◆ TASK INSTRUCTIONS ◆
Every line below must be reproduced exactly; no pictures are to be included.

------------------------------

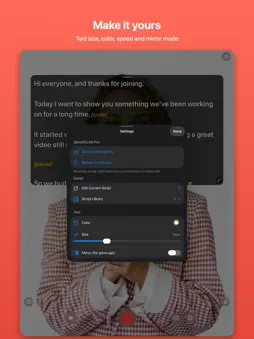SpeakScroll: Teleprompter screenshot 13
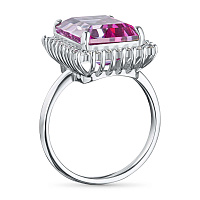 화이트 골드 다이아몬드 반지 - изображение 4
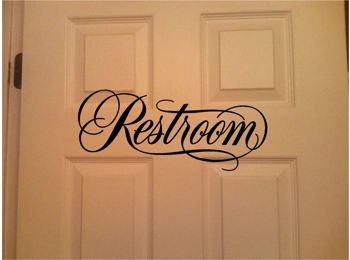Restroom Sign Wall Sticker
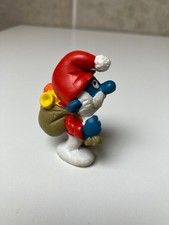 Peyo - grand Schtroumpf de Noël avec sac de cadeaux - W Germany 1981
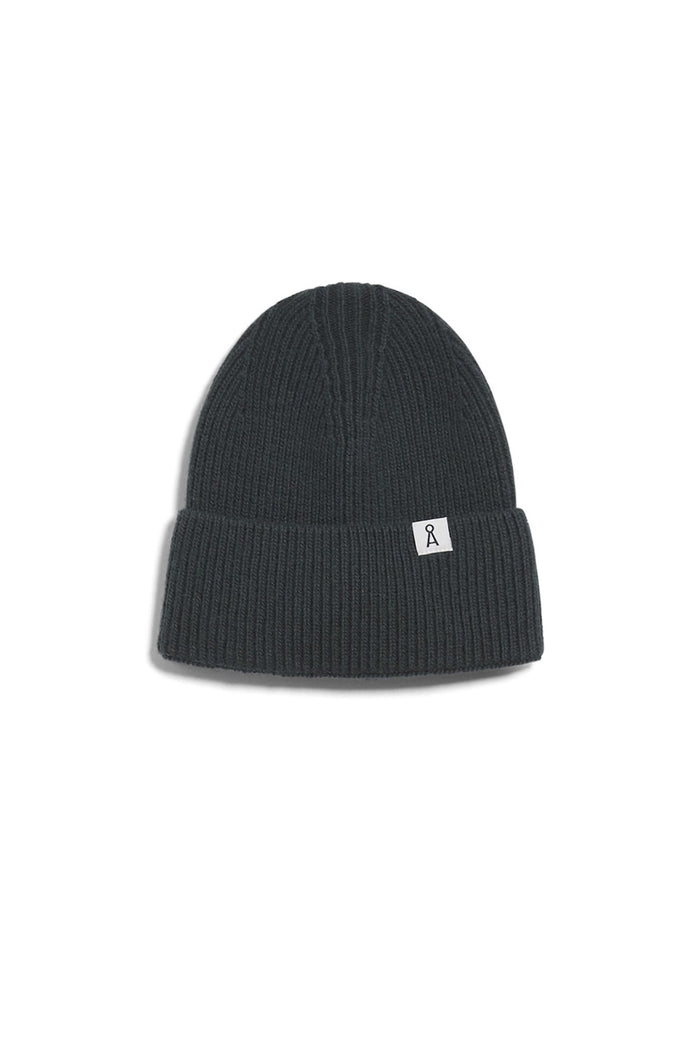 shop maax beanie deep lake by armedangels at thegreenlabels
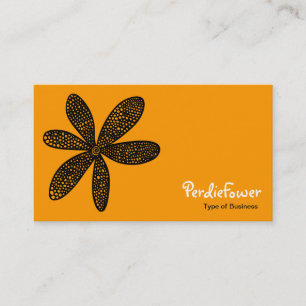 Cartão De Visita Flor bonito - Laranja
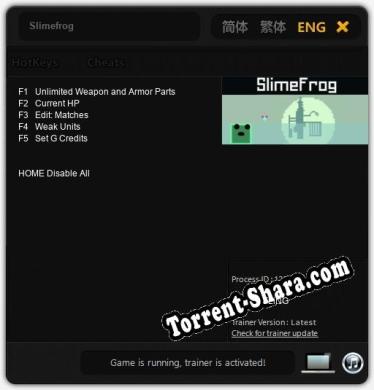 Slimefrog: Читы, Трейнер +5 [FLiNG]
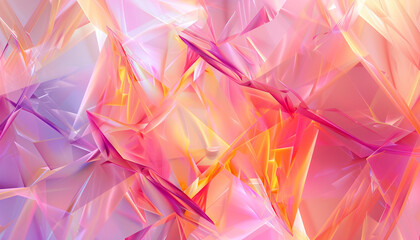 abstract polygonal design of soft pink and profound amber, ideal for an elegant abstract background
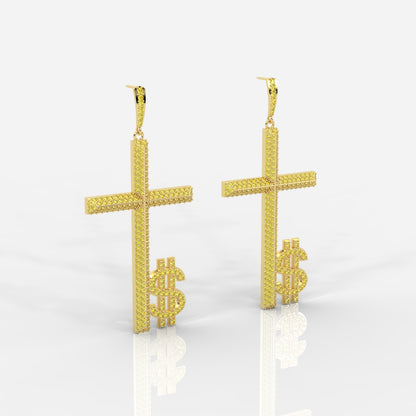 Large hanging earrings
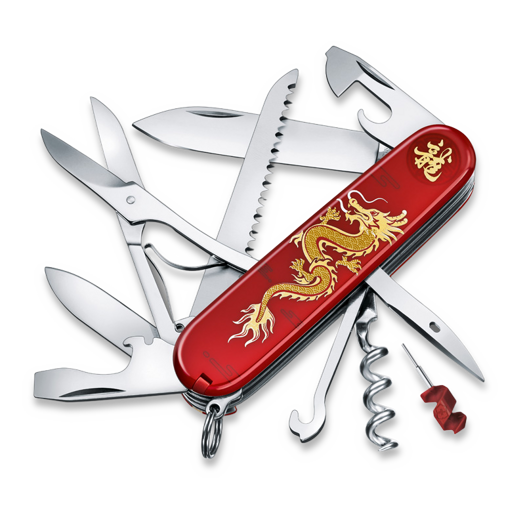Daudzfunkciju rīks Victorinox Huntsman LE 2024 - Year of the Dragon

------------------------------

◆ EXERCISE OUTPUT ◆
SpeakScroll: Teleprompter screenshot 13
 화이트 골드 다이아몬드 반지 - изображение 4
Restroom Sign Wall Sticker
 Peyo - grand Schtroumpf de Noël avec sac de cadeaux - W Germany 1981
 shop maax beanie deep lake by armedangels at thegreenlabels
 Cartão De Visita Flor bonito - Laranja
 Slimefrog: Читы, Трейнер +5 [FLiNG]
 abstract polygonal design of soft pink and profound amber, ideal for an elegant abstract background
 Large hanging earrings
Daudzfunkciju rīks Victorinox Huntsman LE 2024 - Year of the Dragon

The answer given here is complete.